Christmas season hit full swing this weekend at our house, with activities both traditional (the putting up of the tree), nontraditional (the throwing of the "L") and the newly-traditional.
In the "newly traditional" category of holiday fun (?) I can now include the Annual Lights Going Out And Decision To Just Keep Our Eyes Higher Up On The Tree. When something happens twice in a row, it is either phenomenal bad luck or a tradition. I consider it a tradition, since I am trying to to keep my life in perspective by reminding myself that what I usually consider to be phenomenal bad luck, like the lights going out on my Christmas tree, would not be considered bad luck in 98% of the world, where "phenomenal bad luck" would be less likely to mean "now I have to crawl under the tree and unplug some plugs and then plug them back in," and would be more likely to mean "an alligator just ate Grandpa."
So it has become a tradition that at some unknown point after putting up the tree, the lights will go out unexpectedly, plunging me into darkness and making me stop doing what I'm doing (this year, it was looking up Mannheim Steamroller Christmas CDs online) and start doing what I'd rather not be doing, which is moving the gates away from Fort Christmas and crawling under the tree to "fix" things the only way I know how to fix them: unplugging and plugging in the lights a few times.

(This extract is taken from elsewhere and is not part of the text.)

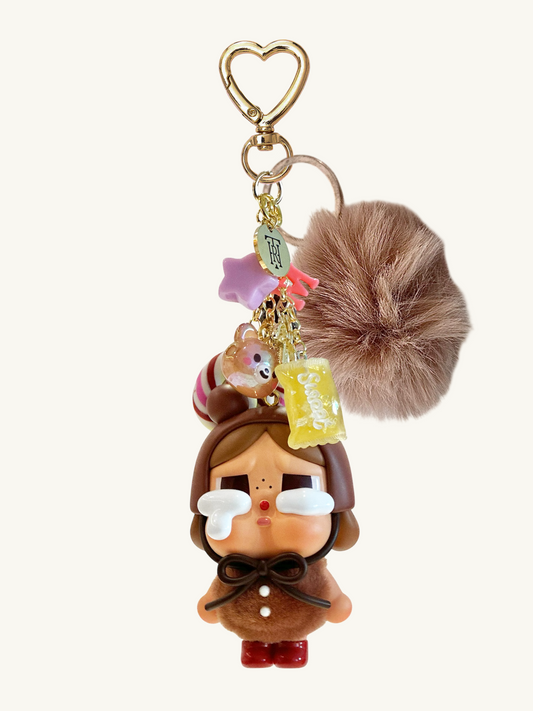 Keychain with cartoon character, pom-pom, and heart-shaped charm on a white background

When that did not work, I then went to Plan B, which was "unplug the lights, find the next lowest plug, and plug that into the extension cord." That worked; all the lights except the now-disconnected strand went back on and the tree began glowing with all of the peace and love and hastily-assembled nature of the holidays at our house, leaving us free to look at the tree and enjoy it if we do not look at the lowest set of branches which are now unlit, and leaving me to also briefly wonder if it was possible, since this exact same thing happened last year, if it was possible that I'd taken the defective strand of lights last year and had not thrown them away, but instead had put them in the box with the others, and also if it was possible that I'd not only done that but I'd also put the defective lights on first, just as I had last year.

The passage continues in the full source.